▶ _What you will do_: Lines after the one containing "Berry Blue Hotel 72/95" are to be omitted; print exactly each line from the start of the records up to and including it.

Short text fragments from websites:
::::

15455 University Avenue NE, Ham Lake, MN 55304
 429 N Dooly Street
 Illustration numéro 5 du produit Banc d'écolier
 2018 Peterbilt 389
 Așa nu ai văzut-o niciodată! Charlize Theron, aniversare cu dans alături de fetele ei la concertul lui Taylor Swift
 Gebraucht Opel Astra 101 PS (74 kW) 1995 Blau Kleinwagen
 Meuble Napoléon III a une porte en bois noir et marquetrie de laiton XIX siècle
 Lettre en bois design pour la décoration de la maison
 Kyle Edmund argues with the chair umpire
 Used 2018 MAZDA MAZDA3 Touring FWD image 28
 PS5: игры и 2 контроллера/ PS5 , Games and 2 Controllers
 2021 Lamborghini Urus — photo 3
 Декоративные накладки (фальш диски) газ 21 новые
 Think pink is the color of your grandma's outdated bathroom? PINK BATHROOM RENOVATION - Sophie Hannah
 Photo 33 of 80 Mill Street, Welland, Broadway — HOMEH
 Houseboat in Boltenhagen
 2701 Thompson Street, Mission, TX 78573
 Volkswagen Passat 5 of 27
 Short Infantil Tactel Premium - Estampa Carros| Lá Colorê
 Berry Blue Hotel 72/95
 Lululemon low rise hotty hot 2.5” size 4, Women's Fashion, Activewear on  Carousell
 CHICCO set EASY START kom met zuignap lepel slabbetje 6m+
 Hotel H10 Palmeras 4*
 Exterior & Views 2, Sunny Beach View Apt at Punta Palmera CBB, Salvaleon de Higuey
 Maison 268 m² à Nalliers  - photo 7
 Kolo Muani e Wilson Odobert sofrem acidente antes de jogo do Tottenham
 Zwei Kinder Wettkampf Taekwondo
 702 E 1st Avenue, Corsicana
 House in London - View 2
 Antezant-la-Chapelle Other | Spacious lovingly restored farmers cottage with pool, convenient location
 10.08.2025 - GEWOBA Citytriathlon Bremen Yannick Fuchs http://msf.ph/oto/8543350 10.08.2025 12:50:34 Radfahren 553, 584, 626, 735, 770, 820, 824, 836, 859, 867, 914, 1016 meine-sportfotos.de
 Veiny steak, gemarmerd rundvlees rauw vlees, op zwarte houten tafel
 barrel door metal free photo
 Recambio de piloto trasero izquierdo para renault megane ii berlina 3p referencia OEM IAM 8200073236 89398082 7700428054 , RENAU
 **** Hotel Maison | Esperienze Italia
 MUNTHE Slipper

::::

▶ _Exercise solution_:
15455 University Avenue NE, Ham Lake, MN 55304
 429 N Dooly Street
 Illustration numéro 5 du produit Banc d'écolier
 2018 Peterbilt 389
 Așa nu ai văzut-o niciodată! Charlize Theron, aniversare cu dans alături de fetele ei la concertul lui Taylor Swift
 Gebraucht Opel Astra 101 PS (74 kW) 1995 Blau Kleinwagen
 Meuble Napoléon III a une porte en bois noir et marquetrie de laiton XIX siècle
 Lettre en bois design pour la décoration de la maison
 Kyle Edmund argues with the chair umpire
 Used 2018 MAZDA MAZDA3 Touring FWD image 28
 PS5: игры и 2 контроллера/ PS5 , Games and 2 Controllers
 2021 Lamborghini Urus — photo 3
 Декоративные накладки (фальш диски) газ 21 новые
 Think pink is the color of your grandma's outdated bathroom? PINK BATHROOM RENOVATION - Sophie Hannah
 Photo 33 of 80 Mill Street, Welland, Broadway — HOMEH
 Houseboat in Boltenhagen
 2701 Thompson Street, Mission, TX 78573
 Volkswagen Passat 5 of 27
 Short Infantil Tactel Premium - Estampa Carros| Lá Colorê
 Berry Blue Hotel 72/95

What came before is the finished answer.